• [Task requirements] Before copying, find the line below that contains "5001 Wiles Rd"; then return it and all later lines exactly, up to and including the final line, with no pictures.

• [Data shown]
== Segment start ==

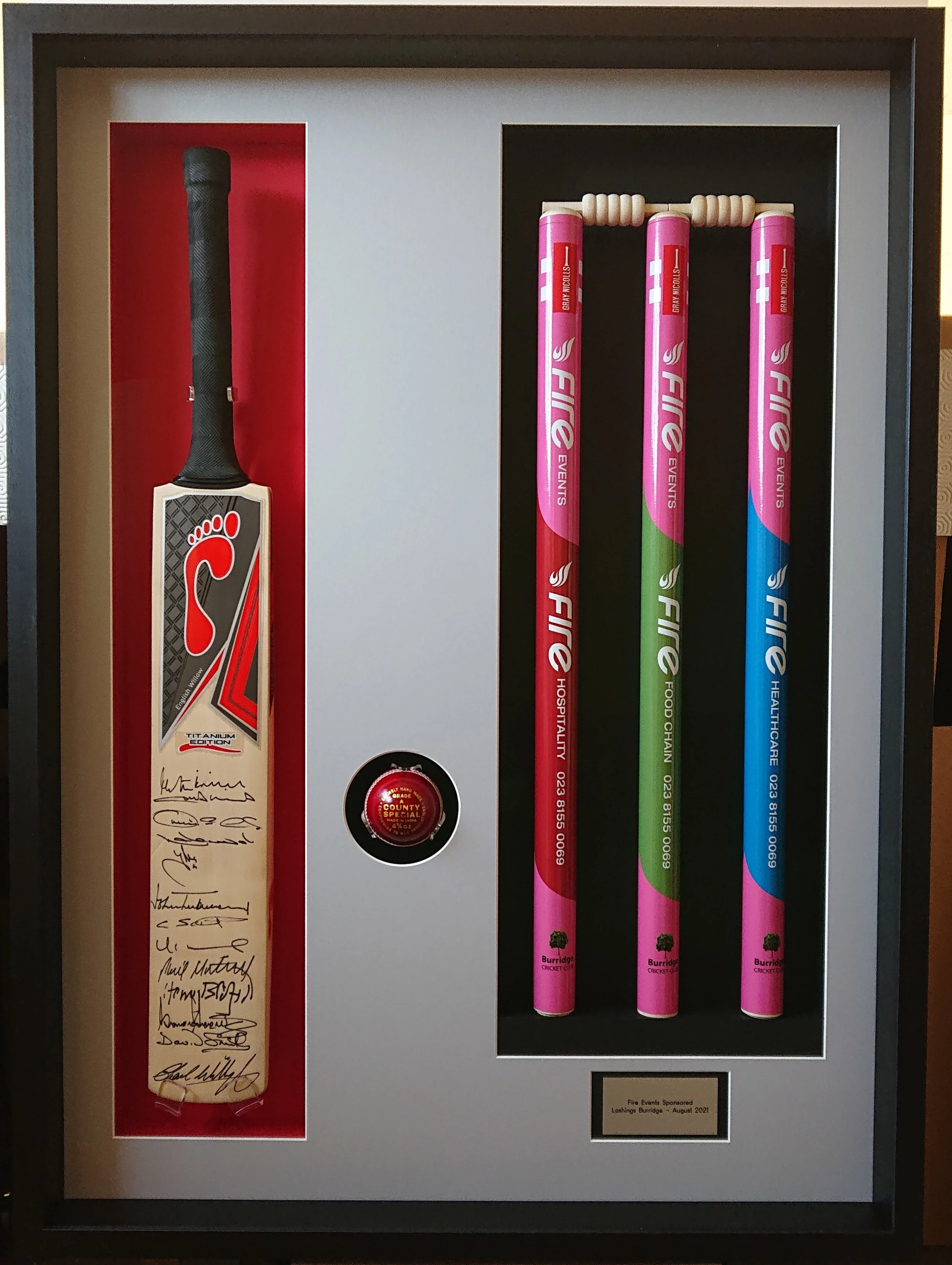 Framed display of signed cricket memorabilia, including a black cricket bat, three pink cricket stumps with sponsorship logos, a red badge, and a red and beige ribbon with signatures.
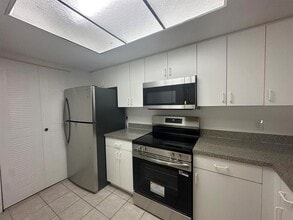 5001 Wiles Rd in Coconut Creek, FL - Building Photo - Building Photo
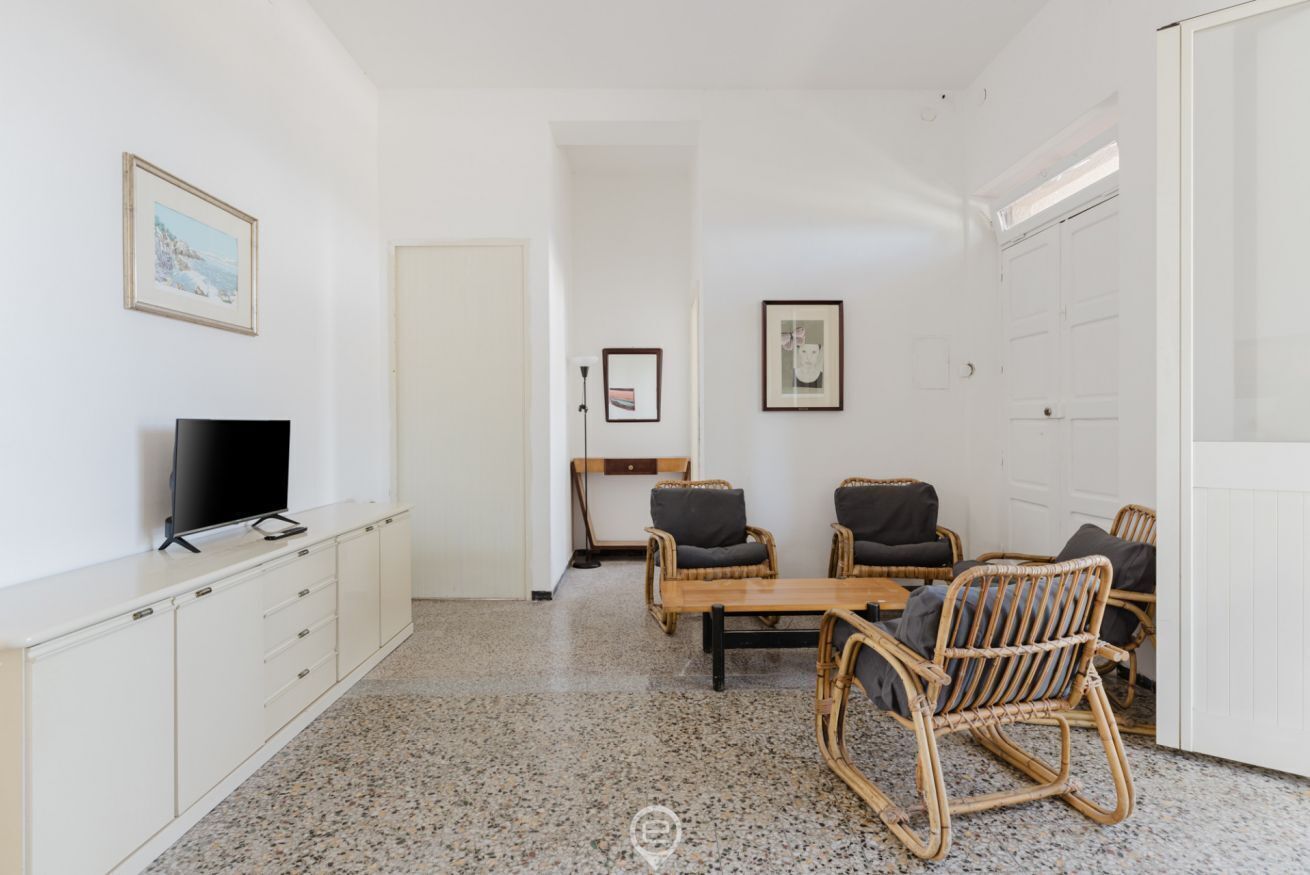 Una stanza con una televisione su un mobile bianco, un tavolo di legno con sedie e quadri appesi alle pareti.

== Segment end ==

• [Output]
 5001 Wiles Rd in Coconut Creek, FL - Building Photo - Building Photo
 Una stanza con una televisione su un mobile bianco, un tavolo di legno con sedie e quadri appesi alle pareti.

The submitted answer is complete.